I'm a lawyer. I have been practising law for 31 years. I spend a lot of time dealing with immigration files, particularly from Asia—Taiwan, Hong Kong, and mainland China.
Mr. Chairman and members, if these amendments are passed, we are going to lose confidence. Somebody who is highly qualified can wait for years and then be told by an officer, “Sorry, thank you very much for your application; I just got instructions from the minister, and I'm going to return your file. Thank you very much.”
I don't think that is fair. I don't think it is the Canadian way of doing business.
We are highly regarded internationally, and to have this kind of a law adopted, and then for me to present it to my community and prospective immigrants overseas, you can see the negative impact Canada is going to face as a result.

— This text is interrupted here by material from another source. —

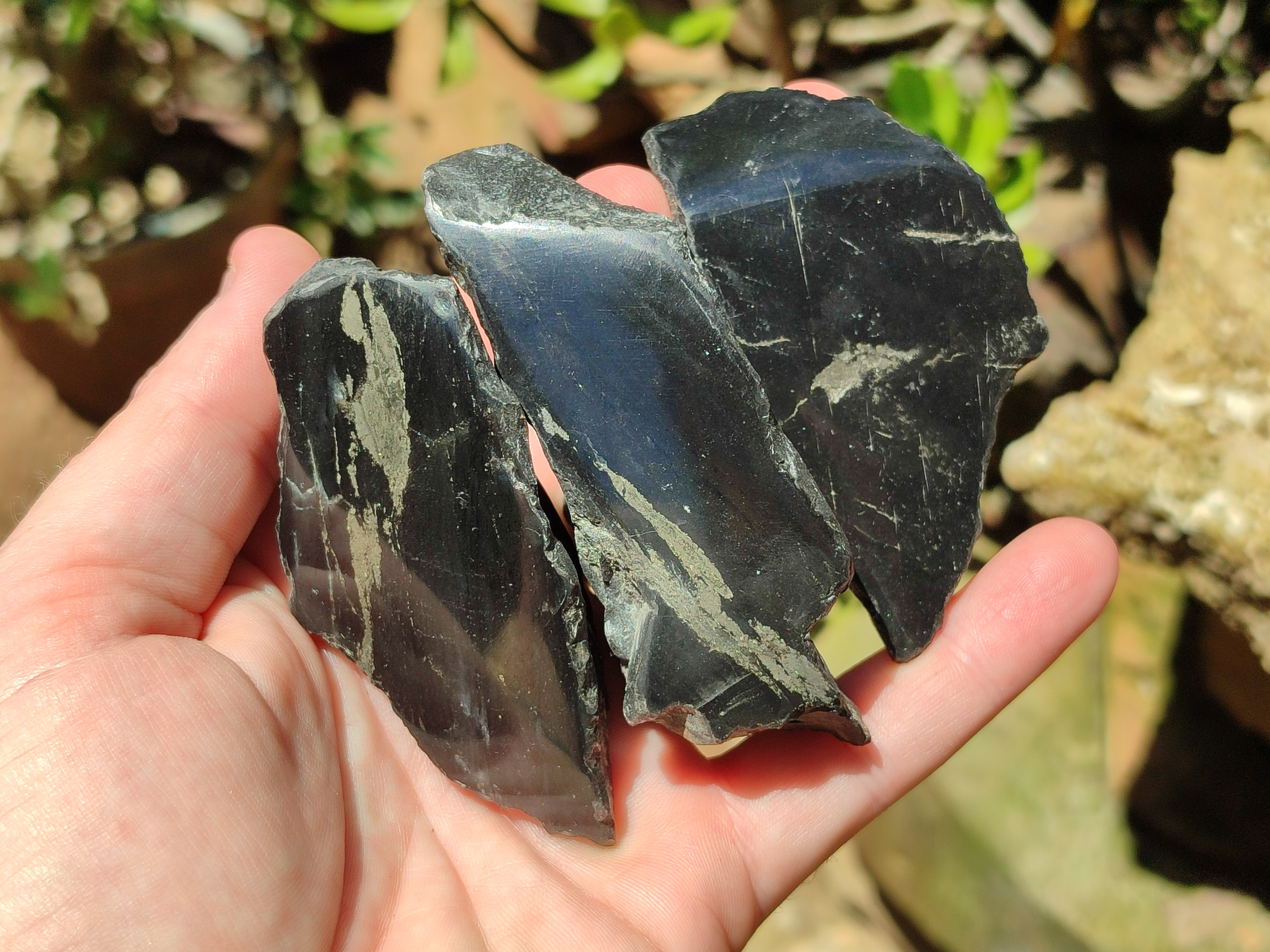 Polished On One Side Pharaoh Stone x 24 From Zimbabwe - Toprock Gemstones and Minerals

Mr. Chairman, there are already powers for this; you have already heard evidence in the submissions to you that the current law, the act and the regulations, allow the minister to do what she has announced she wants to do. The previous government did that. You can identify certain workers, the IT workers, for instance, and speed up their applications and have a special project to bring them in. But it did not work. Why? Because there was no coordination between the various government departments. There are other departments that are holding you up.

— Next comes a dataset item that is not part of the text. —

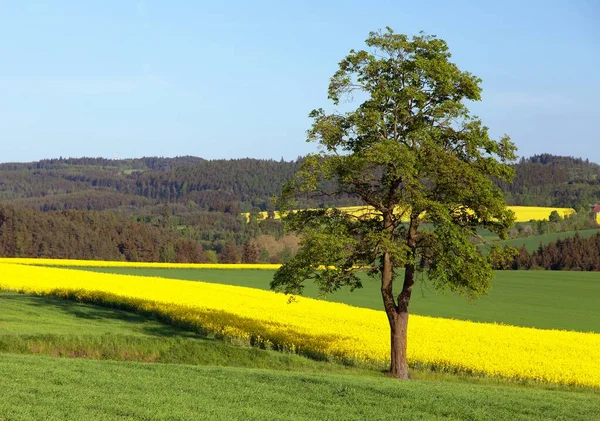 Raps, raps eller rybs — Stockfoto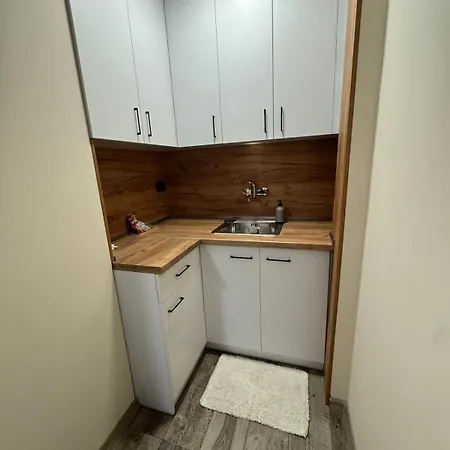 Apartment Mini House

Why don't you use the wide network that the Department of Foreign Affairs and International Trade has worldwide? They know the overseas community well. We could tap into their expertise, their information, their intelligence. Work with them to find the immigrants we want. The minister has the power to do that under current law. Why don't we do that, and go out and actively recruit the skilled workers we need for our labour market? We don't have to fundamentally change the system. In 1976, when there was to be a big change to the system, a green paper was issued and there were wide public consultations. Everybody had input into this process.

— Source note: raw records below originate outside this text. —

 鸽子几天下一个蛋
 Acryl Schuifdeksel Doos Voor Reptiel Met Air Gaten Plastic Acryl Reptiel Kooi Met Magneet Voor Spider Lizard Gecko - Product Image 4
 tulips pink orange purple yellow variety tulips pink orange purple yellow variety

So I submit to you, Mr. Chairman, that the proposed law is bad and the process is bad. We don't have to do it this way. It is important that we take this out. Let us have a proper proposal and draft legislation in front of Parliament and, more importantly, the draft instructions the minister is going to issue. Let us take a look at them and have input, and then we will come back with a very good Canadian legal framework for our prospective immigrants.